Dia terbangun karena suara ribut di sekitarnya. Suara istrinya, suara para pembantunya dan rasa panas di kakinya. “Mas bangun mas, bangun..” kata istrinya, “tuan bangun tuan, ada kebakaran..” jerit pembantunya. Mendengar itu dia melompat dan tersadar ujung piyamanya sudah terbakar. Rupanya rokok yang tinggal setengah itu jatuh di karpet dan menimbulkan nyala api.
“ Engkau hampir membakar rumah ini , Mas “ ujar istrinya dengan nada marah yang tertahan. “Maafkan aku, Sin, aku ketiduran”
“Bukankah sudah kukatakan aku tidak suka engkau merokok dalam kamar. Engkau tidak boleh…” Dan istrinya mulai mengeluarkan dalil dan aturan aturan yang sepanjang sejarah hidupnya sampai detik ini, tidak ia sukai.
“Cukup. Aku bosan dengan kata tidak boleh itu, aku bosan dengan aturanmu ” sergah Gus. Dia muak, setiap kali di hadapkan pada kata tidak boleh dari istrinya. Hak apa dia selalu melarang ini dan itu. Bukankah dia sudah tau, sifatnya memang bebas dan tidak suka aturan yang kaku dan mengikat, itu katanya sejak istrinya mengenal dia dan mempelajari kepribadiannya.
Memang dia menumpang tinggal di rumah mertuanya. Tapi itu bukan karena kemauannya, semata mata karena istrinya tidak mau tinggal di rumah suaminya, Gus. Memang dia bukan orang sekaya istrinya tapi dia masih punya penghasilan, setidaknya dengan menjual lukisan atau menjual jasa melukis orang di tempat- tempat wisata. Dan itu tidak membuatnya malu. Tapi istrinya malu. Tentu saja, dia anak jendral. ‘dan aku lelaki pilihan’ keluh Gus dalam hati.

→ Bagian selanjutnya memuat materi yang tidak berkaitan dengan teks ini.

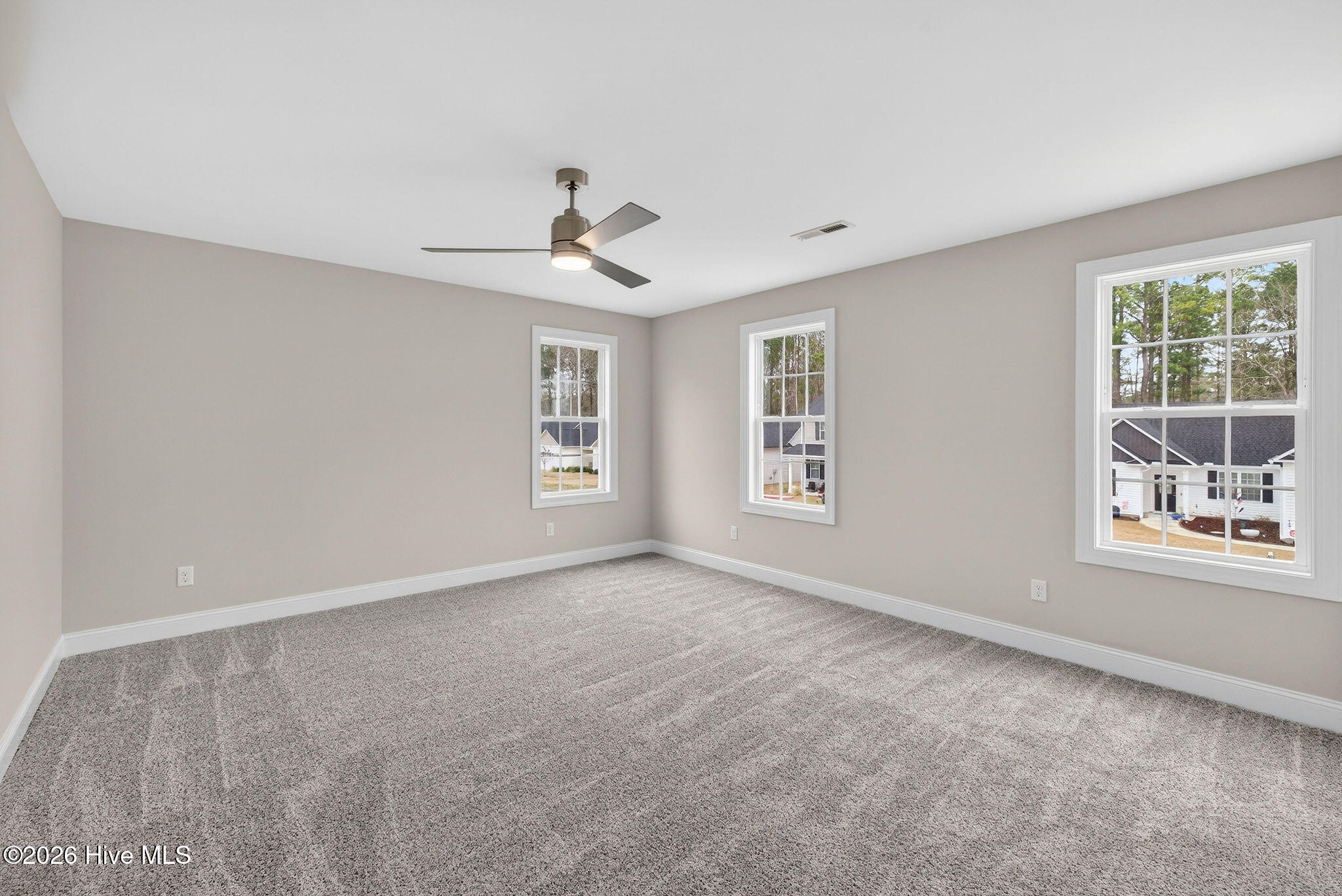 100548274 | Photo 28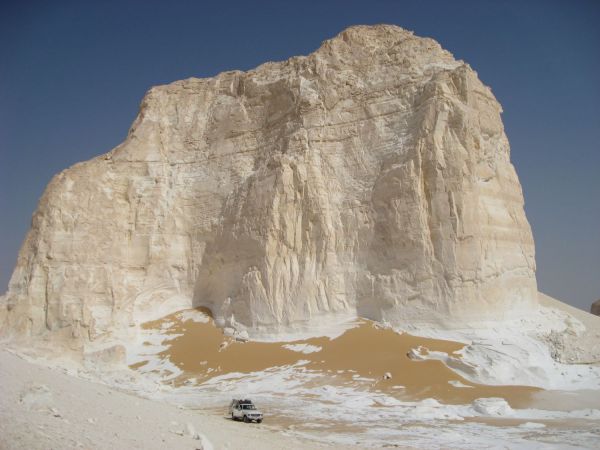 increibles rocas en el desierto blanco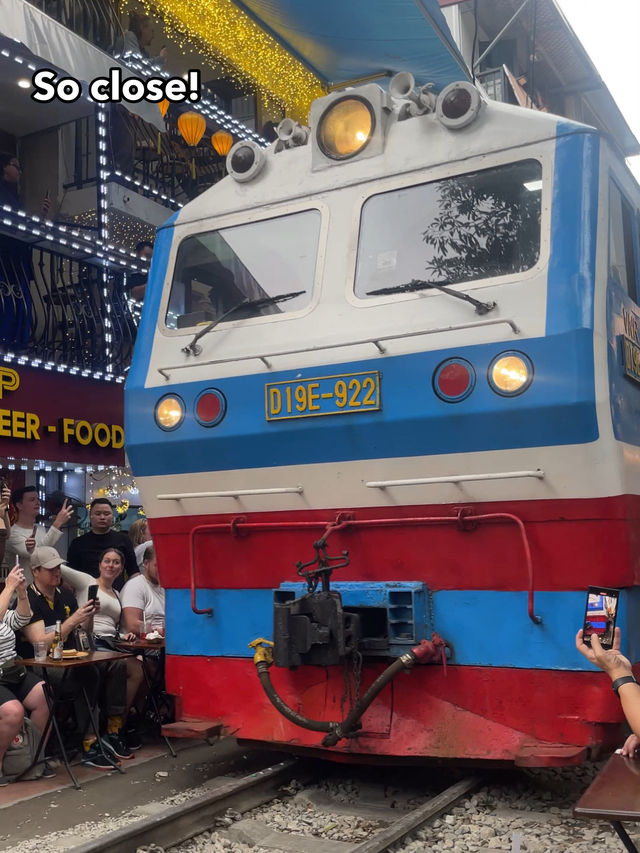☕️ Hanoi Train Street Guide & Tips! 🚊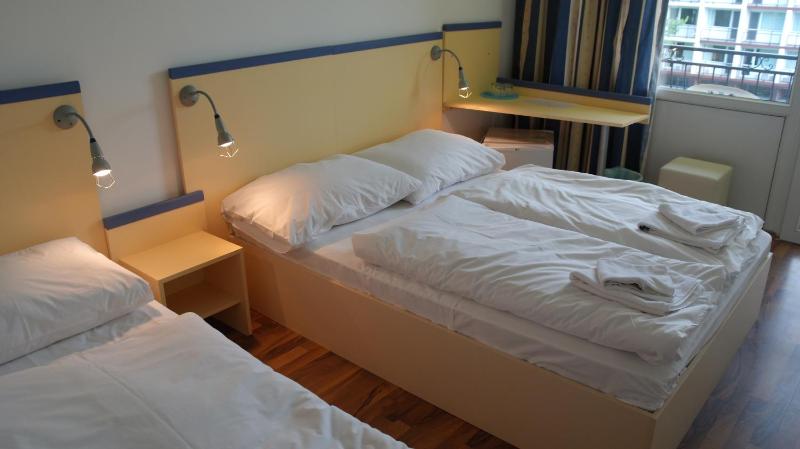 Basic Triple Room image 2
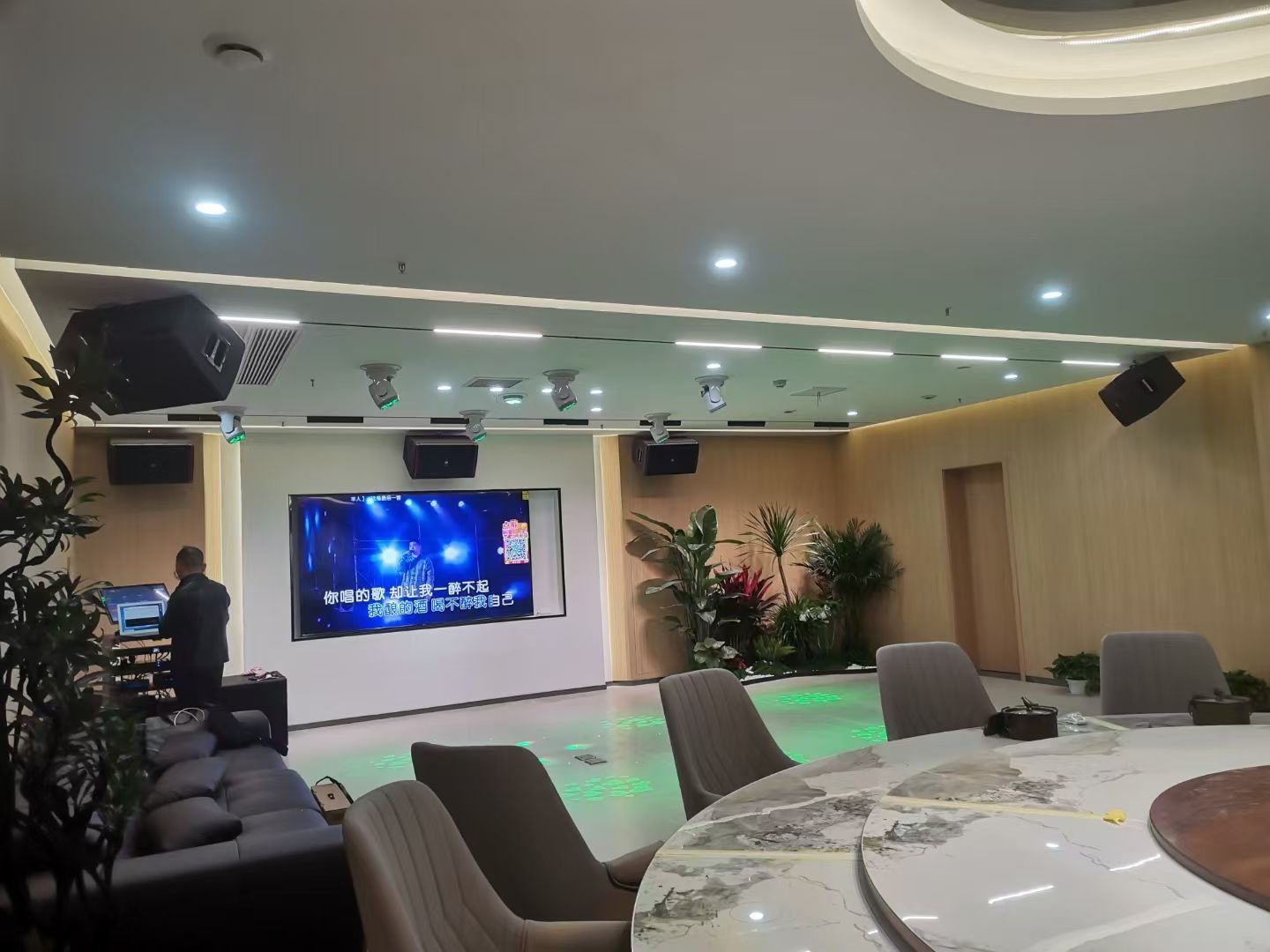 ������,���Ϻ��ǵ��ӿƼ����޹�˾����������������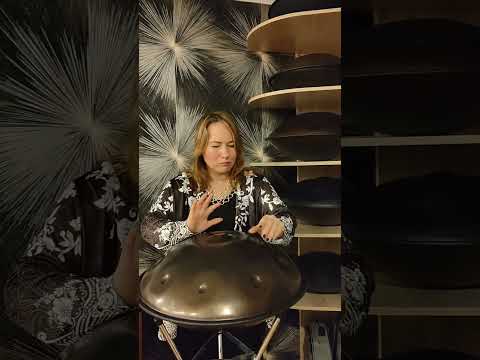 Елена Суслова играет на Handpan Overtone C# Celtic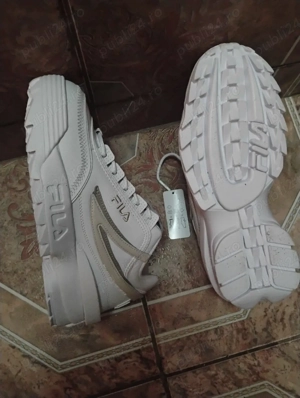 Vind adidași albi FILA noi, originali UK 7(41) , unisex . Se vind numai pe Brăila, nu on-line  - imagine 4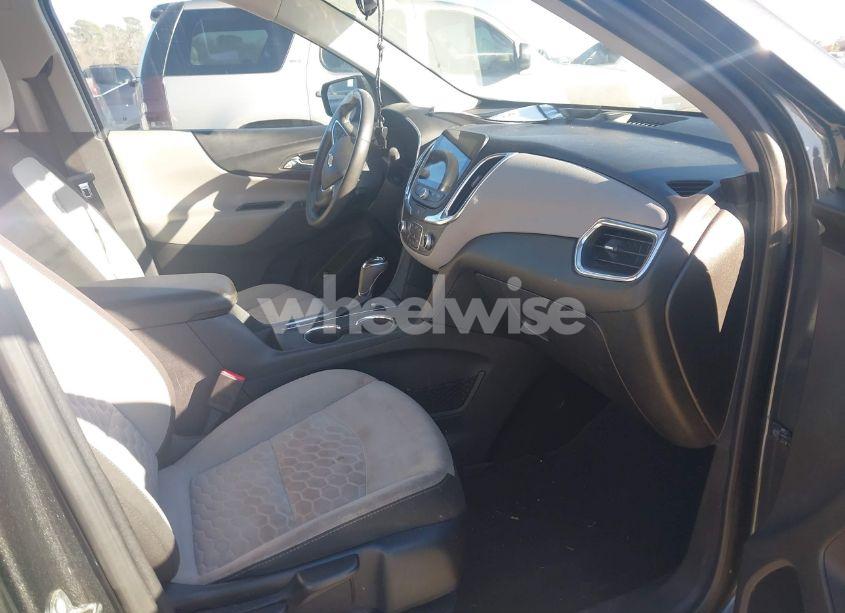 Photo 5 of 2018 Chevrolet Equinox LT (VIN 2GNAXJEV3J6125603)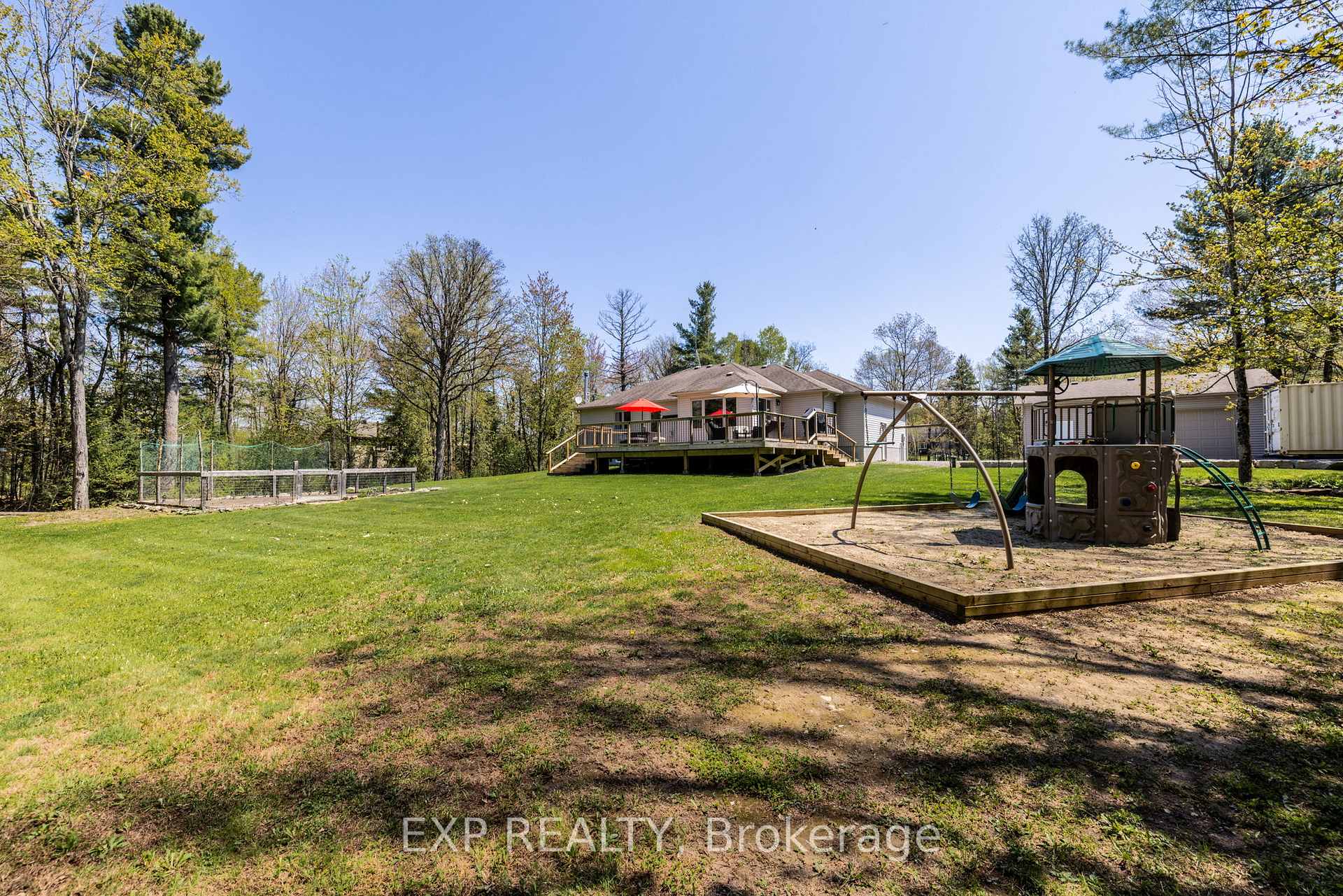 Photo 20 of 122 Irish Street, Beckwith, Beckwith Twp — HOMEH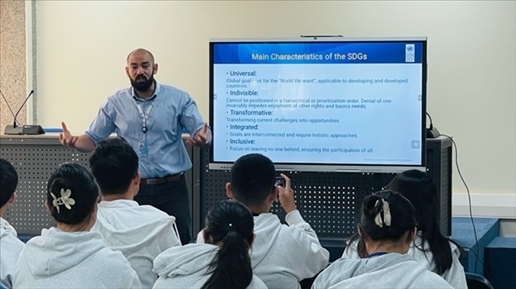 聯(lián)合國內(nèi)羅畢辦事處的工作人員為支隊成員講解可持續(xù)發(fā)展目標(biāo)。林源攝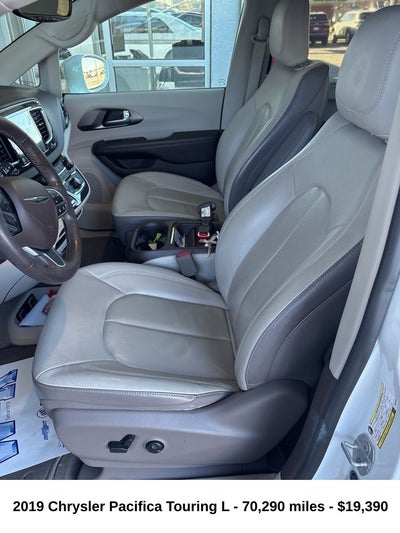 2019 Chrysler Pacifica Touring L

Istrinya ternganga melihat Gus membentaknya. Tak pernah disangka. Selama ini Gus selalu menuruti apa maunya. Memang kecuali merokok itu, tapi itupun Gus minta dengan sangat manis dan hampir memohon mohon yang membuatnya memberinya ijin.
“Aku akan pulang. Aku minta maaf sudah membuat kerusakan dirumahmu. Secepatnya akan aku ganti. “ Kata Gus dengan segera menukar bajunya . Tekadnya bulat, ia akan pulang. Tidak peduli istrinya mau ikut atau tidak.
Beberapa hari sudah ia berada di rumah ibunya. Istrinya tidak juga datang menyusulnya. Ah sudahlah. Biarkan saja dia di istananya itu, katanya kesal. Tapi seiring dengan itu pula kerinduannya pada Lin kian besar. Sampai akhirnya dia dengan segala keberaniannya datang ke rumahnya. Dia masih disana. Tinggal sendiri. Menyambutnya dengan senyum yang sama seperti dulu, dengan mata yang lembut seperti dulu, “Mas… apa kabar ? Kapan pulang ?” tanyanya. Seolah tidak pernah ada waktu terbuang diantara mereka.
“Lin, …aku kangen”
Hanya itu, sebelum keduanya berpelukan dengan penuh kehangatan.